At the height of the pandemic, when most people were watching Netflix and finding comfort in routine, Bardya Ziaian was taking a crash course in film production. It was a subject he had never formally studied, but had always found fascinating. With a kind of clarity discovered after finding success in his life-long career, he vowed roughly a year before the global pandemic that he was going to make his creative dream come true. So, Bardya learned how to write a screenplay, and then, drawing from his years in finance, secured the funding: the first major hurdles were overcome. From there, he had many other challenges he would face to bring his first feature film to life, but he did it with the same determination he used in all of his entrepreneurial ventures. Bardya Pictures Ltd. officially launched in 2020.
How did the idea for Bardya Productions come about?
Bardya Ziaian: I admire great stories and I think everyone does. The scope of human history is sprinkled with great stories told well that share what it is to live in that time and in that particular place. Stories are vastly important, not just as entertainment, but also as cultural representations, an idea of what is happening during a certain time. Film is a magnificent force in the world that serves a variety of purposes: a vehicle of change, a historical record, a feeling of connection and, my favorite—much needed levity. We are constantly bombarded with the serious issues of the world now on our phones, and our computers and televisions. We really only escape now by choice. The average person reads something like seven minutes of literature a day, those few minutes before they fall asleep. So, films appear to be the best vehicles for storytelling these days. Besides, it feels, to me, that film is a next-level way to connect with an audience, and to make them laugh when laughter is so greatly needed.
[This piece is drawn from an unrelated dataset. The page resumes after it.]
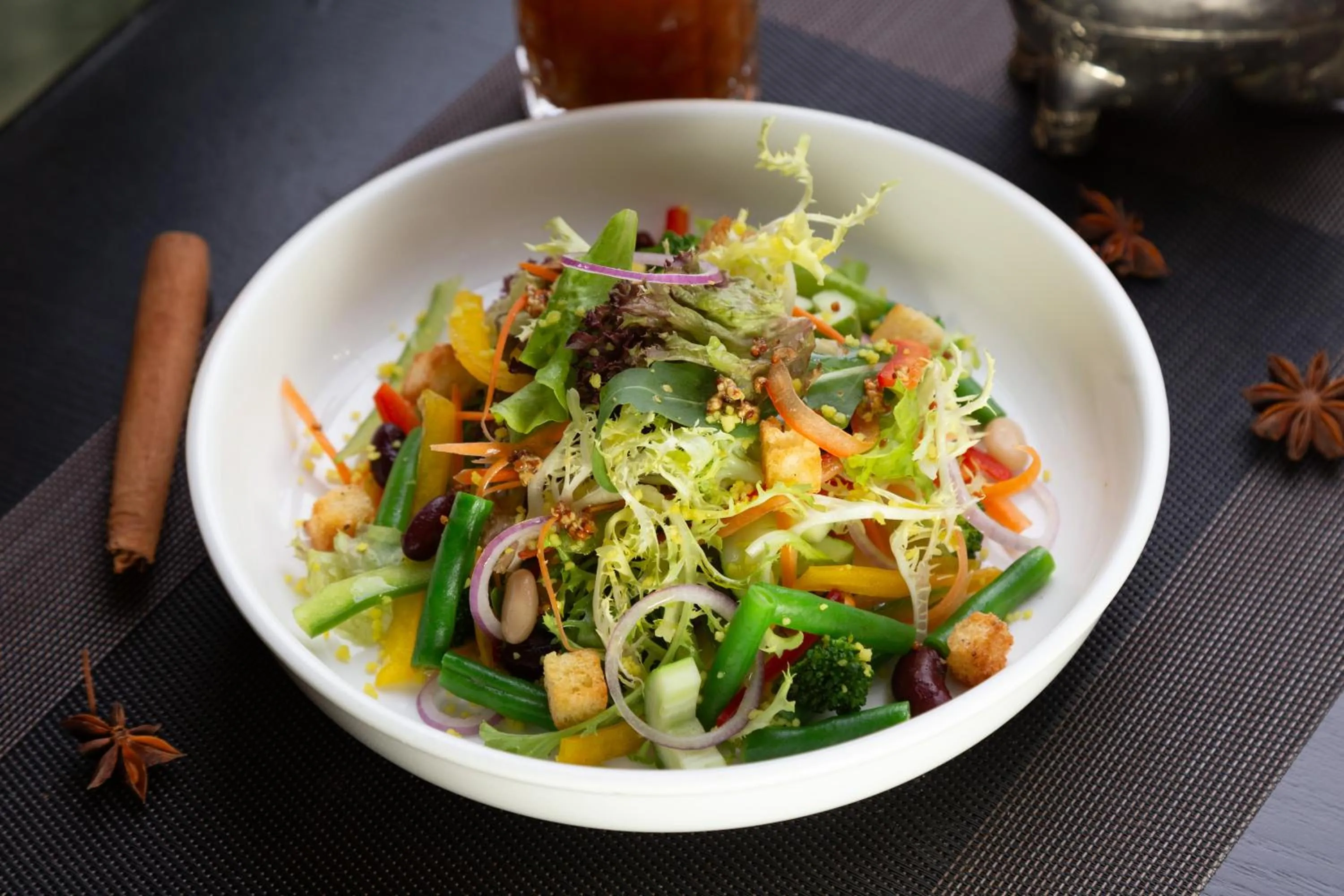 Food close-up in Caravan Hotel by EHM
What is your experience in the business world? How were you able to leverage it in the film industry?
Bardya Ziaian: I’ve long embraced the analytical side of my brain. I mean, my undergraduate and Master’s degrees are both in mathematics and then I went into software engineering. It wasn’t long before I founded BBS Securities and Virtual Brokers, which I later sold to CI Financial. I also founded Robo Advisor, which is a wealth management company and SITTU Group, a think tank company. I remain President and CEO of SITTU Group, where we consult with companies, design systems and invest in early-stage businesses.
I suppose my long history of leadership and launching businesses suggests that I’m always in start-up mode. I don’t know if it’s a common thought, but isn’t every film, essentially, a start-up? It’s an idea that you are getting investors and consumers behind. Film producers and entrepreneurs share a number of skills and I’d say, a mindset.
Starting a production company without prior experience and without insider knowledge was going to be challenging regardless of timing, but launching in the middle of a global pandemic was something we couldn’t foresee. Delaying was part of the early conversation, but knowing when to hit the accelerator and when to hit the brakes is something instinctive and garnered from years of entrepreneurship experience. It was the right time to move forward, even though it seemed counterintuitive. Sometimes you have to keep the momentum going and I would say that is especially true in the film industry.
How did you face challenges?
Bardya Ziaian: The same way I do in the business world: I build an exceptional team and we problem-solve together. Every business is as strong as the people who build it. Every film is, too. There were times that we didn’t agree and we had to work through that, and the final product is better because of it. Respectful disagreement is never a bad thing if it leads to discourse.
What are your future plans for Bardya Pictures?
Bardya Ziaian: Our first film, Super Dicks, which was produced during the pandemic, is full of an all-star cast: including Kim Coates (Netflix’s “Bad Blood”), Ambyr Childer (Netflix’s “You”), Marie Avgeropoulos (Nexflix “The 100”), and Michael Ironside (“Total Recall”).
I’m proud to have worked with such remarkable artists and realise the talent that is needed to bring a script to life.
We will soon begin production on a new comedy called Golden Boy, written by myself and Juliet Wang and directed by film veteran Damian Lee. Fortunately, we have again secured top talent for our second film, and it is hopefully a trend we will maintain.
My plan is to continue creating and learning, and bringing as much laughter to the world as possible.